Dmirören Haber Ajansı'na konuşan ve Türkiye'den bir çok oyuncunun yurtdışına transfer olduğunu, bunun daha da artması gerektiğini söyleyen Şenol Güneş, "Marka değerimizi yükseltmemiz gerekiyor. Bu kendi içimizde hep olmaz. Kendi içimizde yarışırken birbirimizi geliştireceğiz. Bu sonuçlarla beraber ülkemizi Avrupa'da temsil edeceğiz. Dünya çapında olmak istiyorsak uluslararası alanda başarılı olmamız gerekiyor. Bunu geçmiş yıllarda Milli Takım bazında Avrupa ve dünyaya gösterdik. Avrupa'da ülkemizi temsil eden takımların başarıları, oyuncularımızın değerini ve sunumunu artırıyor. Kendi dönemimde olduğu için söylüyorum, Beşiktaş'ın Şampiyonlar Ligi'nde gruptan çıkması ile başlayan ve devam eden süreç, ilginin buraya yönelmesini sağladı. Oynadığımız futbol ve bıraktığımız izlerle değerimizi artırıyoruz. Cengiz'in Altınordu'dan Başakşehir'e geçmesi ve oradan Avrupa'ya transfer olması başlı başına bir olaydır. Bu oyuncularımızın Avrupa'da başarılı olması yeni gelen oyuncularımızın da önünü açıyor. Bu anlamda bize düşen görev onların başarılı olması için elimizden geleni yapmak olacaktır. Hırvatistan bunu çok yapmıştır. Son zamanlarda ligleri pek gündemde olmasa da Sırbistan dışarıya çok fazla oyuncu yolluyor ama Fransa hem başarı yakaladı, hem de çok fazla oyuncu çıkardı. Bizim de üretime tekrar dönmemiz gerekiyor. Trabzonspor Yusuf ile bunu yaptı, Galatasaray ise Ozan ile yaptı. Yabancı oyuncu ile de bu sunumu yapabilirsiniz. Bizim bir pazara dönüşmemiz gerekiyor. Portekiz'de Porto ve Benfica'nın yaptığını kulüplerimiz daha fazla yapmalı. Eksiklerimiz var, sorunlarımız var, sürekli kendimizi eleştiriyoruz, beğenmiyoruz ama bu halimizle bile üretebildiğimizi görüyoruz. O yüzden gayretli ve iç içe olmamız gerekiyor. Hazır oyuncu alıp, eksi bütçelerle kulüpleri bırakmak sürdürülebilir bir durum değil. Bu dönemi geçiş dönemi olarak görüyorum. Genç oyuncuların oynaması, oynayacakları bir kulübe gitmesi gerekiyor. Oradan da büyük kulüplere gitmesi bizim anlayışımızda var" ifadelerini kullandı.

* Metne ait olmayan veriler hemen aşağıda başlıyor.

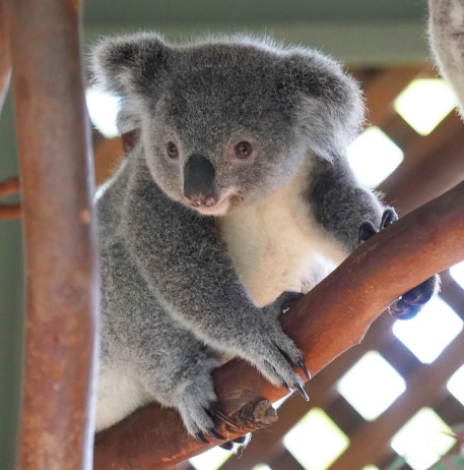 오세아니아 신혼여행 추천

Genç oyunculara daha fazla şans verilmesi ve onlara uygun rekabet ortamı sağlanması gerektiğini dile getiren Güneş, "Galatasaray'da Ozan Kabak 19 yaşında Avrupa'ya gitti. Trabzonspor'da Yusuf gitti, Abdülkadir de geliyor. Beşiktaş'ta Dorukhan ve Güven var. Her takımda üretme şansımız var ama bütün bunların hepsi kolay olmuyor. Transferler yapılıyor, büyük rakamlar harcanıyor ve büyük ücretlerle alınan oyunculardan sonra başarısızlıklar olunca ekonomik krizler ortaya çıkıyor. Bu konuda futbol kültürümüzü geliştirmemiz gerekiyor. Ben bu konuda bir çok hocanın yapıcı olduğunu düşünüyorum. Oyuncu üretme ve ürettiğin oyuncuyu yarıştırma anlayışıyla ilerlemek gerekiyor. Kulüplerin kurumsal yapısını oturtmak önemli. Ayrıca yabancı anlayışı da önem arz ediyor ama yabancı oyuncu geldi, gelmedi sayısına odaklanırsak hata yaparız. Ben Türk oyunculardan yanayım. Türkiye şu anda futbol dahil bir çok alanda Avrupa Birliği ile iç içe geçmemiş bir ülke. Kulüpler ekonomik kriz dolayısıyla yapılandırmaya gidiyor. Aynı zamanda oyuncu üretimine katkı yapıyorlar. Antrenörlerin sorumluluklarını iyi bilmesi, futbolcuların karakterlerini de güçlendirmeleri gerekiyor" diye konuştu.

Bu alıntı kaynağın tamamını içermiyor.